The only defendant to the suit at the time the injunction was granted, was Bevill, in his capacity as Commissioner, and there was consequently an entire absence of necessary parties. In such a case the administrator or other representative of the estate is a necessary party, if not the only proper one. Merritt vs. Daffin et al., 24 Fla., 320, and cases cited; Alston vs. Rowles, 13 Fla., 110, 116; Scarlett vs. Hicks Id., 314; Loring vs. Wittick, 16 Fla., 495; Robinson et al. vs. Springfield Co., 21 Fla., 203, 234; High on Injunctions, section 1551.

Mason, the administrator of Vance, having been subsequently made a party defendant, he demerred to the bill. There is clearly no equity in the bill. It alleges that the appellee is the lawful owner of the land under a good and valid title executed to him by the proper officer, the Clerk of the Circuit Court of Alachua county, and bearing date July 7,1884, and duly recorded in the records of said county on the 9th day of the same month. The land was sold for taxes of the year 1882, on the 4th day of June, 1883.

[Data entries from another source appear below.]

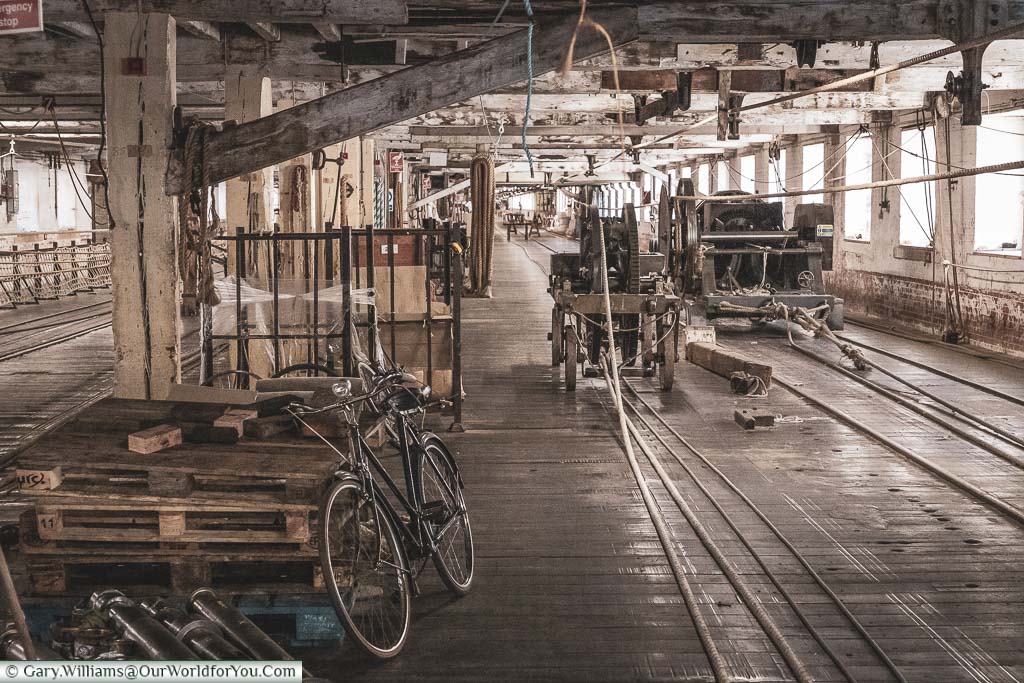 Inside the Ropery at the Historic Chatham Dockyard where an old bike, the only transport to cover the distance, rests against the equipment.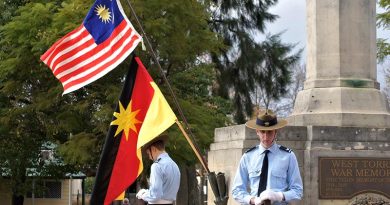 Australian Air Force Cadets CCPL Levi Schubert and CCPL Simon Russell from 604 Squadron Rest on Arms Reversed under the flags of Malaysia and Sarawak. Photo by Flying Officer (AAFC) Paul Rosenzweig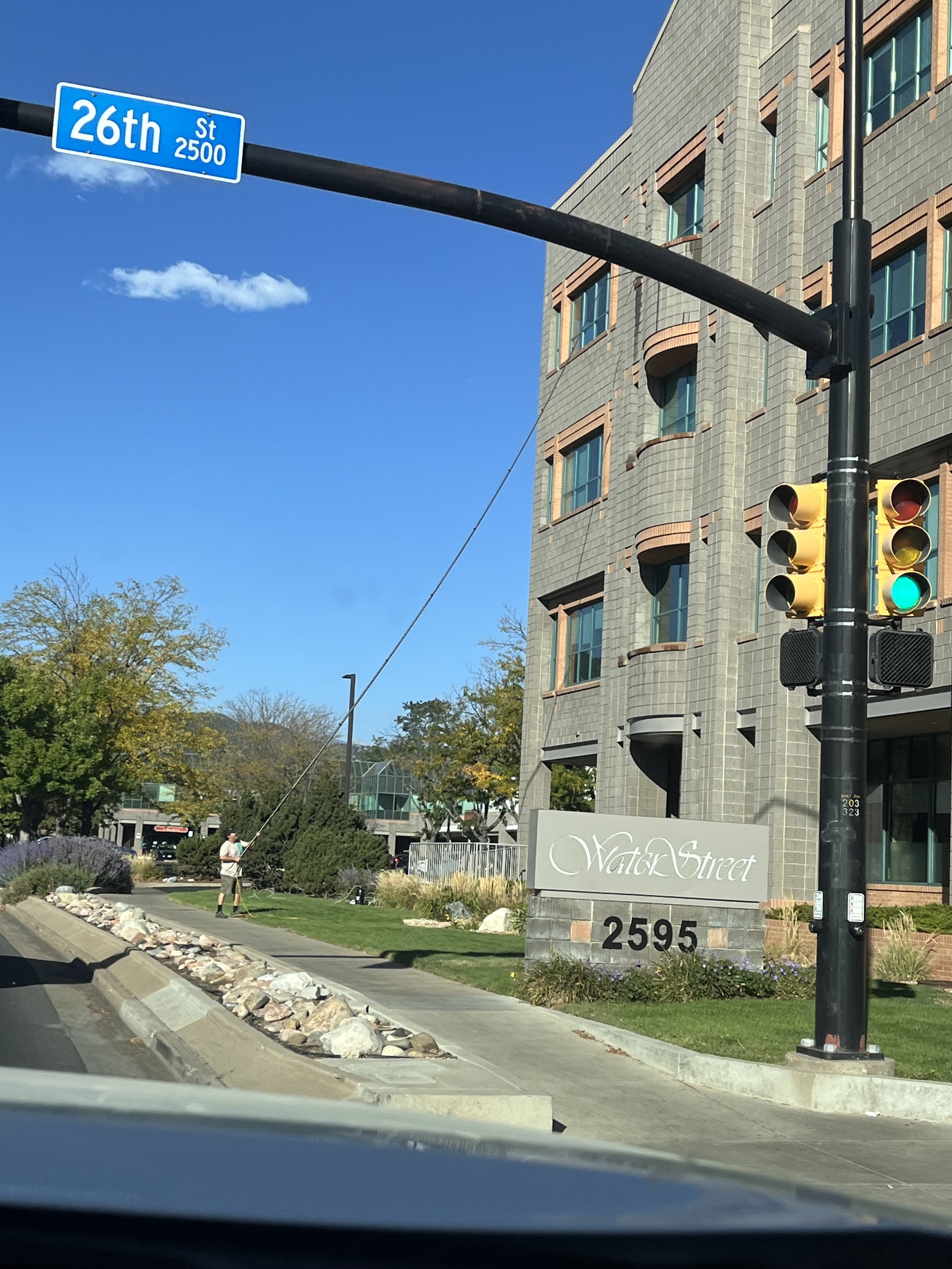 Street view showing a blue street sign for 26th Street, a traffic light with green signal, and a man watering plants in front of a modern building with a sign that reads 'Water Street' and the number 2595.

The bill does not state that appellee was in possession of the land either in person or by tenant at the time the bill was filed or anything as to possession; non constat but that the administrator was in possession. If the appellee has a good tax title his title is of course legal, as distinguished from equitable, and possession is an essential to equitable jurisdiction to prevent a cloud upon title where the complainant’s title is legal, for if he is not in possession he has a full and adequate remedy at law. Cavedo vs. Billings, 16 Fla., 261; Sloan vs. Sloan, 25 Fla. — ;S. C. 5 So. Rept. 606; 2 Story’s Equity Juris., section 700, note.A; 3 Pom. Eq., section 1399 and note 4. In the absence from the bill of an allegation of possession in the complainant, it is demurrable. There is nothing in “ the act in relation to injunctions” Chapter 343 2, approved February 12,1883, or in the Revenue Law under which the tax sale was made, that modifies the doctrine of this paragraph in case of a suit instituted by the person claiming under a tax title.

It is not necessary to notice other errors.

The order overruling the demurrer is erroneous, and the cause will be remanded with directions to vacate the same and the order granting the injuncting. It is so ordered.